R/ctwas_harmonize_data.R
harmonize_z_ld.Rd
Harmonize z scores from GWAS to match ld reference genotypes. Flip signs when reverse complement matches.
harmonize_z_ld(
z_snp,
ld_snpinfo,
strand_ambig_action = c("drop", "none", "recover"),
ld_pgenfs = NULL,
ld_Rinfo = NULL
)
a data frame, with columns "id", "A1", "A2" and "z". Z scores for every SNP. "A1" is the effect allele.
a data frame, snp info for LD reference, with columns "chrom", "id", "pos", "alt", "ref".
the action to take to harmonize strand ambiguous variants (A/T, G/C) between the z scores and LD reference. "drop" removes the ambiguous variant from the z scores. "none" treats the variant as unambiguous, flipping the z score to match the LD reference and then taking no additional action. "recover" imputes the sign of ambiguous z scores using unambiguous z scores and the LD reference and flips the z scores if there is a mismatch between the imputed sign and the observed sign of the z score.

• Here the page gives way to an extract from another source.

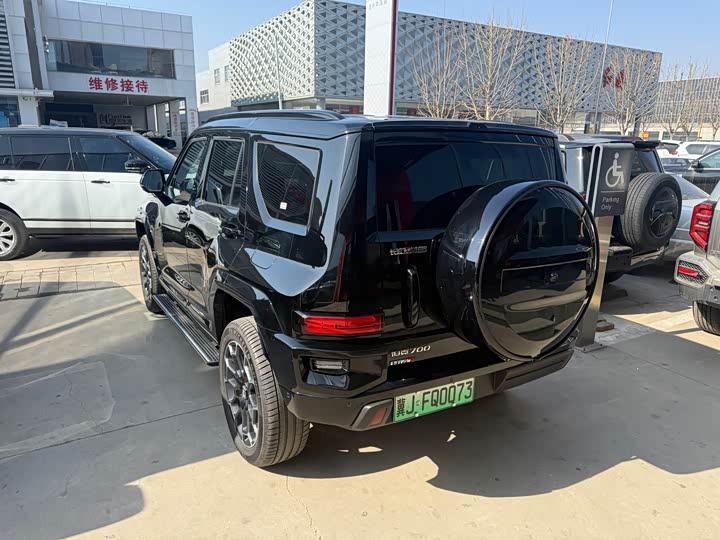 Фото 6 - Tank 700 Hybrid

This option is computationally intensive
a character vector of .pgen or .bed files. One file for one chromosome, in the order of 1 to 22. Therefore, the length of this vector needs to be 22. If .pgen files are given, then .pvar and .psam are assumed to present in the same directory. If .bed files are given, then .bim and .fam files are assumed to present in the same directory.
a vector of paths to the variant information for all LD matrices
a data frame, z_snp with the "z" columns flipped to match LD ref.